May’s ideas were remembered in 2008, when Satoshi Nakamoto began making waves on the internet with Bitcoin’s original white paper. Interestingly, the anonymous creator of the cryptocurrency was reportedly in communication with the cypherpunk community prior to publishing the white paper and even communicated his ideas to them in an email thread.
The concept of Bitcoin soon attracted a new generation of techno-libertarians who self-identify as crypto-anarchists. Indeed, as Cointelegraph reported earlier this year, many consider that the cypherpunk movement deserves as much credit as Satoshi Nakamoto for laying down the foundational development of cryptography.

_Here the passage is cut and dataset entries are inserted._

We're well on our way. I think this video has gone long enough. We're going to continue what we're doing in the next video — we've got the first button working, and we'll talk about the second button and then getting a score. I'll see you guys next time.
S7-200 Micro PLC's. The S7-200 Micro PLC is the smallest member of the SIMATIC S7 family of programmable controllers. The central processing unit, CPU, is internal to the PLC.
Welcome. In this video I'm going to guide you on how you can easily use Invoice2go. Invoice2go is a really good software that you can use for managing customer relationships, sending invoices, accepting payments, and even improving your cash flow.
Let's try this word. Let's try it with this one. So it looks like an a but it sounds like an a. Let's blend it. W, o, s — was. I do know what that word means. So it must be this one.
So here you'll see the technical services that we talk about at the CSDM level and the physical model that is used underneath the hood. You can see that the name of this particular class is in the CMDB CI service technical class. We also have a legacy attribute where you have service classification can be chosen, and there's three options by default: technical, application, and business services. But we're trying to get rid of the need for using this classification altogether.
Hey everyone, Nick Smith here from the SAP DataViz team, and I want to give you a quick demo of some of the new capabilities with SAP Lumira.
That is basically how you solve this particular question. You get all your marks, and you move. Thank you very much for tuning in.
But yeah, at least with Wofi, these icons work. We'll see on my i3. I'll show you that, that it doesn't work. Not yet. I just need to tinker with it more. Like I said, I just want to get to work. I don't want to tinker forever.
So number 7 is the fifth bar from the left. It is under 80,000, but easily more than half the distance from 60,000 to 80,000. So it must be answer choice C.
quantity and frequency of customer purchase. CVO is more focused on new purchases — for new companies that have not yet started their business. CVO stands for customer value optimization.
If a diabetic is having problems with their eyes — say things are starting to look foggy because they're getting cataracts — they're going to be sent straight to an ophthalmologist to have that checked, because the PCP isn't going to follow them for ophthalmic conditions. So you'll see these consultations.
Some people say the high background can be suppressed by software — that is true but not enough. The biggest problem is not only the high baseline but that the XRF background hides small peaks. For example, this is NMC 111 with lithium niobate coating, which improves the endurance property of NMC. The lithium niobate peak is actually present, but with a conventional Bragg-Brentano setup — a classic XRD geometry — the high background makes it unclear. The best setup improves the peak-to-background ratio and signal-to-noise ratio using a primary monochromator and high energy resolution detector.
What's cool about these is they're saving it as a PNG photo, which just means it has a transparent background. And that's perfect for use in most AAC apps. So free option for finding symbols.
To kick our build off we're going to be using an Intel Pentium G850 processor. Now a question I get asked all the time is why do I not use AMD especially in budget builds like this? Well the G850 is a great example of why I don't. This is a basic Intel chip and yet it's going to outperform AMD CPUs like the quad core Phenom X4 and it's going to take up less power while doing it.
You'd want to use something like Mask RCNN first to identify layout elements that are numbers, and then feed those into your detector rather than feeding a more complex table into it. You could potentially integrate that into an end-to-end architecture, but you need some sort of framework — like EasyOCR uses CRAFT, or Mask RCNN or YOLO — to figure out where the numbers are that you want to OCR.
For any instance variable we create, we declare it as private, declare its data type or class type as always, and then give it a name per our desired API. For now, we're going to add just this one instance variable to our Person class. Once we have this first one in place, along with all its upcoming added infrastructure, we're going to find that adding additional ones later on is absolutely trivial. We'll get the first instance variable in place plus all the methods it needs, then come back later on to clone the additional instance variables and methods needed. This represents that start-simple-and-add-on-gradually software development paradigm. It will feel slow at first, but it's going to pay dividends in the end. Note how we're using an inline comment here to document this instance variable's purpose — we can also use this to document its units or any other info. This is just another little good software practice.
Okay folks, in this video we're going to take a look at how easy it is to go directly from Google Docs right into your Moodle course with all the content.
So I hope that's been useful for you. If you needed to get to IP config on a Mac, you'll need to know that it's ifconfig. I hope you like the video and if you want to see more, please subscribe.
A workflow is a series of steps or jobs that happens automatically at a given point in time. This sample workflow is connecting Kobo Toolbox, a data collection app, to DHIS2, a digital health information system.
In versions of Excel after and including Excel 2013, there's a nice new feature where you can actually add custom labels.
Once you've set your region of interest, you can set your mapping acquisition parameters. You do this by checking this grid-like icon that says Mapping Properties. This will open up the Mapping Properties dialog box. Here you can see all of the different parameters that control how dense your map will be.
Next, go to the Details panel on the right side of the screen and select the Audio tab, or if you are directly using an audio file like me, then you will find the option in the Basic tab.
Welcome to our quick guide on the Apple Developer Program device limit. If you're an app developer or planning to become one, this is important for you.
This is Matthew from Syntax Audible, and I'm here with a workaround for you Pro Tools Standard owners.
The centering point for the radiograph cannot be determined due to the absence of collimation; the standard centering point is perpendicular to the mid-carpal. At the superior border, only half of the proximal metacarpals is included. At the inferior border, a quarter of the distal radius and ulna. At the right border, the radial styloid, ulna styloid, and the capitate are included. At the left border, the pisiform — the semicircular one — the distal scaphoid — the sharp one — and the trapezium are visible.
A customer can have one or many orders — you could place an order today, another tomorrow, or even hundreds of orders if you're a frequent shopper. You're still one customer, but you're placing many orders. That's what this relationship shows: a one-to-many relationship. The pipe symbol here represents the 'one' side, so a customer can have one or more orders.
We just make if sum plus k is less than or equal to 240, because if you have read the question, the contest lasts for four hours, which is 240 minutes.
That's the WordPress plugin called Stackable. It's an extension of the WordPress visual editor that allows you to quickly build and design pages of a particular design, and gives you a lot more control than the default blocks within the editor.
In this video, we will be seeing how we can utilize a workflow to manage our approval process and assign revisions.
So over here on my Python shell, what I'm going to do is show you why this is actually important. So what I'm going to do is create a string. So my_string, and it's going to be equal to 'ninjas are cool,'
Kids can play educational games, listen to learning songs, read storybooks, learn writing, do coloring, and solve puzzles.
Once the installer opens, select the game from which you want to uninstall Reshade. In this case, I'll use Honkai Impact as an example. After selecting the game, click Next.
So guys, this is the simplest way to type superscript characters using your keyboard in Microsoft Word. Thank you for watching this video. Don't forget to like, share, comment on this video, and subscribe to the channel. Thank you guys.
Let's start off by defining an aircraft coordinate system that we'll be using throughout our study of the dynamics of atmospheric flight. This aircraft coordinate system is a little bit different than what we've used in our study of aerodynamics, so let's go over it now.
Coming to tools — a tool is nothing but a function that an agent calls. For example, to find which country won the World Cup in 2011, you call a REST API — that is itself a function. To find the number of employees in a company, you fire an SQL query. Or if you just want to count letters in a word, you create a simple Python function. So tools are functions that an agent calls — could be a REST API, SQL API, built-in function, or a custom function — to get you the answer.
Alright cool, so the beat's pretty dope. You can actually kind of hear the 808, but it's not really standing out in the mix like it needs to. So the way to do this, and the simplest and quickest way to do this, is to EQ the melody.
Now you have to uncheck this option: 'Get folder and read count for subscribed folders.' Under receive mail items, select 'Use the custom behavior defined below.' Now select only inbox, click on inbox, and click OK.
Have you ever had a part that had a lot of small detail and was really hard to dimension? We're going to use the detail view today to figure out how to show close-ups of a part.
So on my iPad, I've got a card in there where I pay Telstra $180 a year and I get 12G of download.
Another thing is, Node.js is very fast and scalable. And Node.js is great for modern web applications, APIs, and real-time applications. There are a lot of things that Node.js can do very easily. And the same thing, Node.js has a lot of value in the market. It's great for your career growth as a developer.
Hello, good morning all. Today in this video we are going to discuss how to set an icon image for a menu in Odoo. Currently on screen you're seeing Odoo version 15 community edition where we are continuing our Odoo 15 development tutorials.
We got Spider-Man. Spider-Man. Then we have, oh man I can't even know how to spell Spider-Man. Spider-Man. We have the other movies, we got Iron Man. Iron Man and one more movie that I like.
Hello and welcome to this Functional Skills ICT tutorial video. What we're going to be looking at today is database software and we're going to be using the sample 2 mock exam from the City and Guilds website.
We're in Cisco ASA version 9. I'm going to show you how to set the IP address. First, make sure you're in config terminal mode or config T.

However, May was not particularly keen on cryptocurrencies in their latest stage — and, especially, the hype around them. In November 2018, when a Reason editor contacted May and requested an interview, the Cypherpunks co-founder told him that he was done with the press and was “feeling burned out on the space.”
Prior to that, in October 2018, May penned a lengthy piece, which was then edited into an interview — apparently, his last one.
In it, he largely criticized the concept of compliance, saying that “attempts to be ‘regulatory-friendly’ will likely kill the main uses for cryptocurrencies, which are NOT just ‘another form of PayPal or Visa.’”
Moreover, May mentioned that many blockchain use cases and distributed ledgers “are not even new inventions, just variants of databases with backups”, while also arguing that “the idea that corporations want public visibility into contracts, materials purchases, shipping dates […] is naive”.
He also argued that cryptocurrency in its current form “is too complicated”:
“[…] coins, forks, sharding, off-chain networks, DAGs, proof-of-work vs. proof-of-stake, the average person cannot plausibly follow all of this. What use cases, really? […] The most compelling cases I hear about are when someone transfers money to a party that has been blocked by PayPal, Visa (etc), or banks and wire transfers. The rest is hype, evangelizing, HODL, get-rich lambo garbage.”
Finally, May criticized the industry for having “a sheer number” of conferences and crypto exchanges “that have draconian rules about KYC [Know Your Customer], AML [Anti-Money Laundering], passports, freezes on accounts and laws about reporting ‘suspicious activity’ to the local secret police.”
“I think Satoshi would barf,” he eventually argued.